Senate Dems Defend Earmarks
The Hill reports:
Senate Democrats on Tuesday defended the congressional system of earmarking even as their GOP colleagues approved a voluntary two-year ban on the practice.
There was scant support among the chamber’s majority party to follow the lead of Republicans who voted in a closed-door conference meeting to ban the practice of tucking home-state pork into appropriations bills. The vote was almost unanimous.
Instead, Democrats defended the age-old practice by noting they had already improved the system’s transparency in 2008 and that they reserved the right to seek funding for their states’ needs.

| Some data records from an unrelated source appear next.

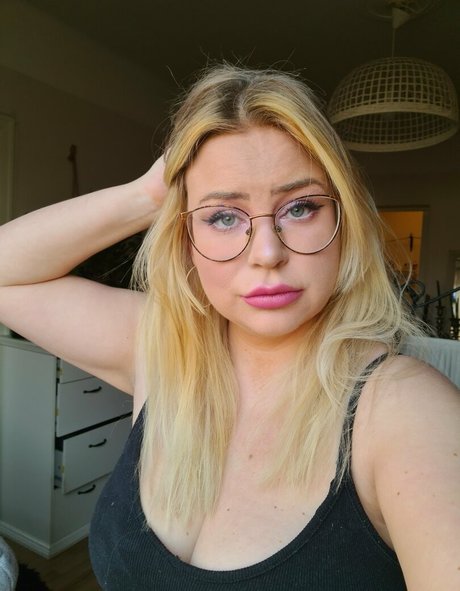 big tits mom onlyfans porno gallery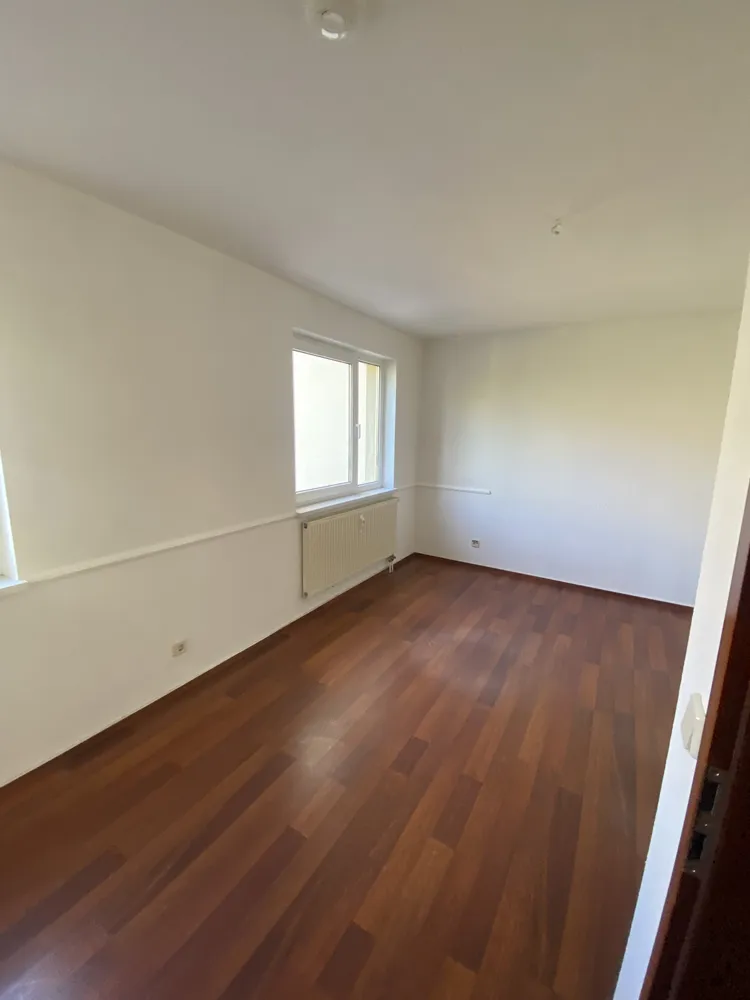 3 Zimmer Wohnung mit 75 m² in Dessau-Roßlau – Bild 3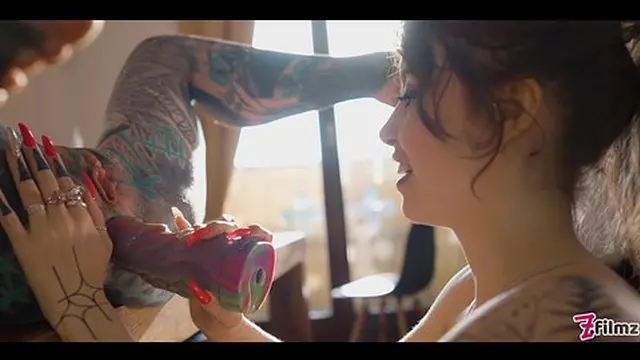 hot Tattoo Lesbian Anal Fuck + i SQUIRT on a Pornstar - Eden Ivy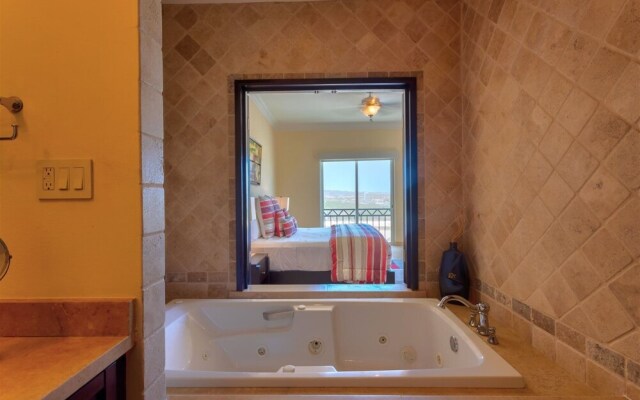 The Village 601 Beautiful Penthouse With Ocean Views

“We have a constitutional obligation and responsibility,” said Majority Leader Harry Reid (D-Nev.). “I have an obligation to the people of Nevada.”
Several Democrats mocked the ban and Senate GOP Leader Mitch McConnell’s (Ky.) surprise decision to back it.
“I’m not ready to throw in the towel. Apparently Mitch McConnell is,” said Sen. Ben Nelson (D-Neb.), an Appropriations Committee member. “The arguments being made to ban earmarks are that it’s going to reduce spending. That’s nonsense. It’s not. It just changes who decides — from elected officials, on the basis of what they’re hearing from local folks, to nameless, faceless bureaucrats.”